News and Commentary

CFPB Takes Aim at Digital Marketing Providers


On August 10, 2022, the Consumer Financial Protection Bureau (CFPB) issued an interpretive rule to address digital marketing providers that commingle the targeting and delivery of advertisements to consumers, such as by using algorithmic models or other analytics, with the provision of advertising “time or space”. According to the Bureau, digital marketers that are involved in the identification or selection of prospective customers or the selection or placement of content to affect consumer behavior are typically service providers for purposes of the law. Digital marketers acting as service providers can be held liable by the CFPB or other law enforcers for committing unfair, deceptive, or abusive acts or practices (“UDAAP”) as well as other consumer financial protection violations.
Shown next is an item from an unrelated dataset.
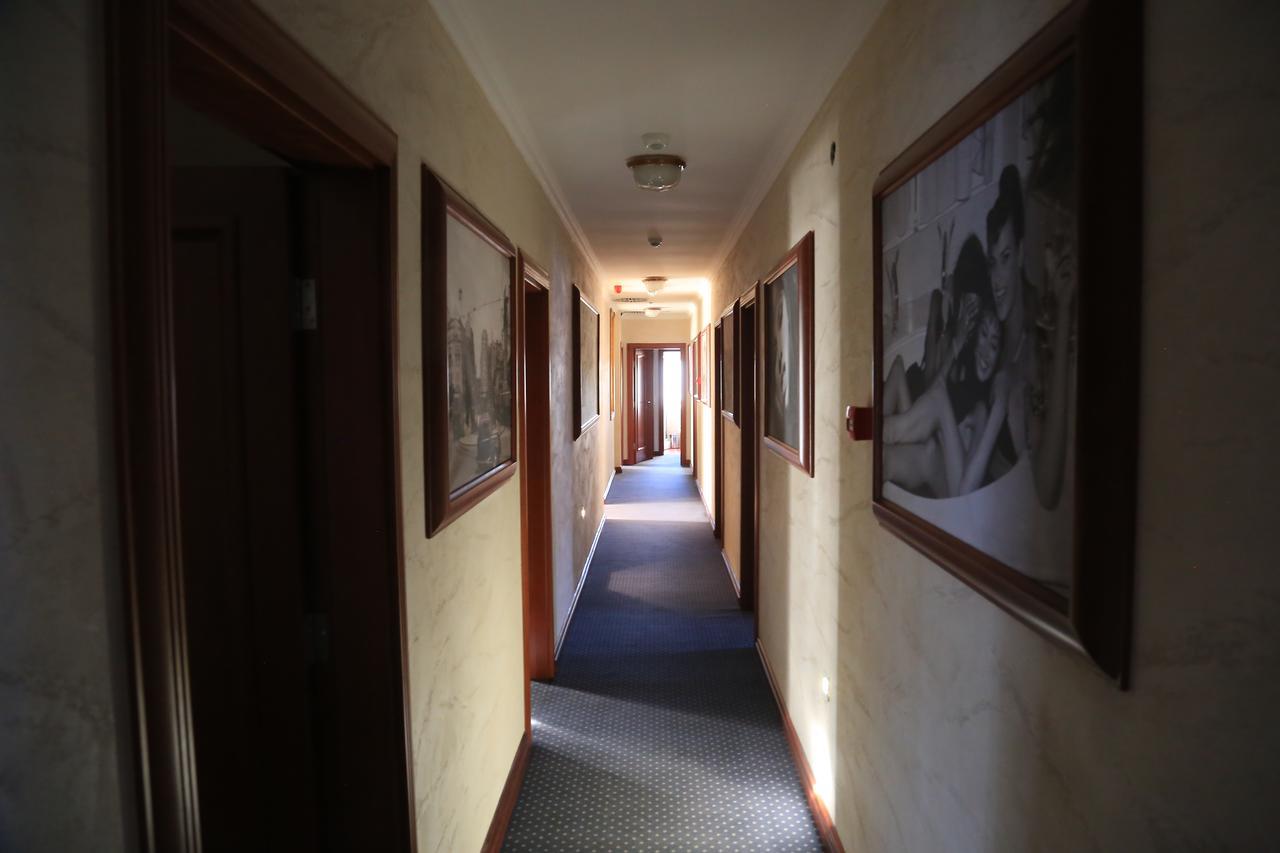Hotel Village Stari Banovci Luaran gambar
In its press release, the CFPB compares digital marketing to traditional advertising. Whereas traditional advertising relied on getting a product or service out to as wide an audience as possible, digital marketers seek to maximize individuals’ interactions with ads. They may harvest personal data to feed their behavioral analytics models that can target individuals or groups that they predict are more likely to interact with an ad or sign up for a product or service. Since the digital marketing providers go beyond traditional advertising, digital marketers are subject to the Consumer Financial Protection Act as “service providers”.
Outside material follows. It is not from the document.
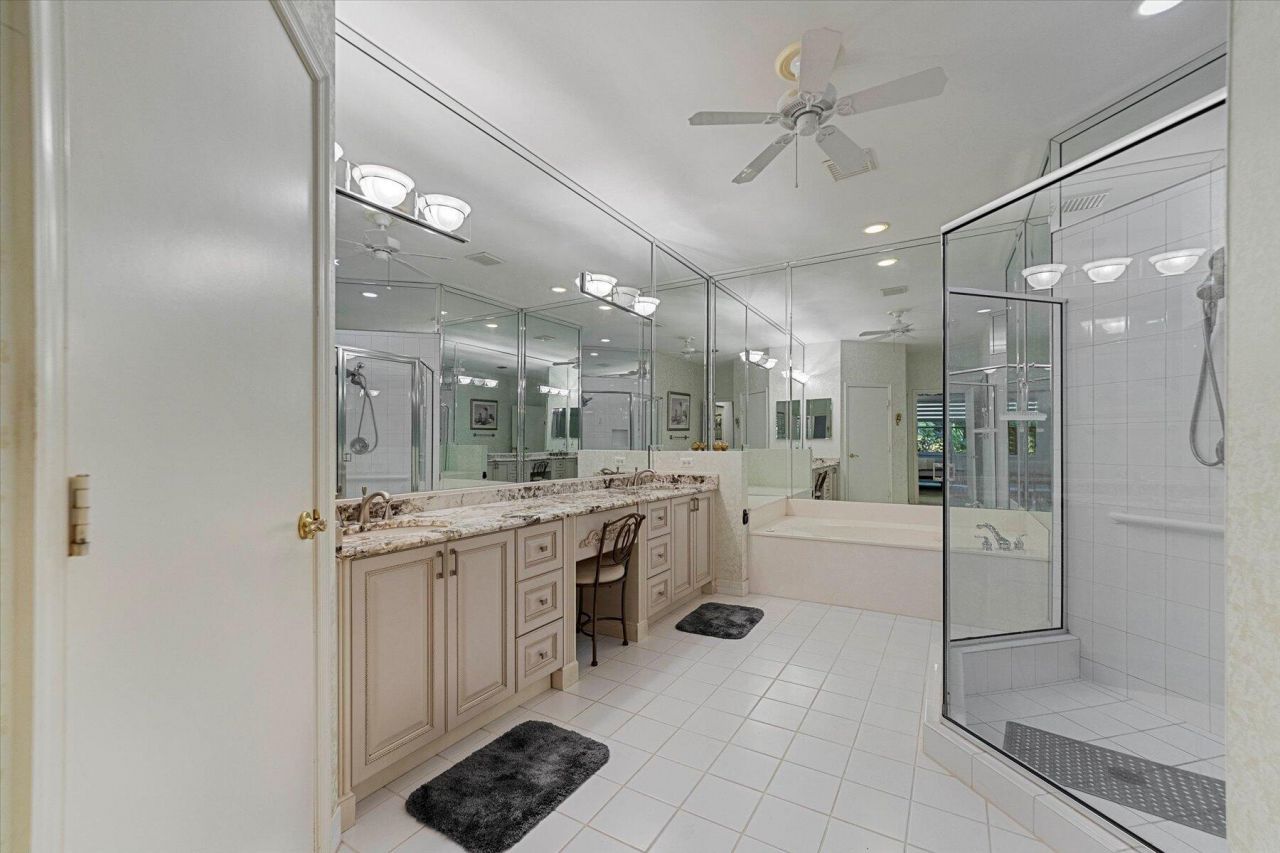 4663 Carlton Golf Drive, Lake Worth, FL 33449 Photo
The interpretive rule explains:

  1. Digital marketers provide material services to financial firms.

  2. The CFPB, states, and other consumer protection enforcers can sue digital marketers to stop violations of consumer financial protection law.
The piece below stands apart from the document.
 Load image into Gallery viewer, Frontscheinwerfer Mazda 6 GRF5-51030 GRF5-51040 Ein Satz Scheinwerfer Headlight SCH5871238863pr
This interpretive rule should be taken as another signal to tech companies that the Bureau is keeping a close eye on use of consumer data and algorithms. Increased enforcement by the CFPB and state regulators may be possible. It is suggested that the CFPB is planning on targeting what it sees as potential discrimination resulting from tech companies’ use of consumer data and algorithms to target ads to consumers by using its UDAAP authority.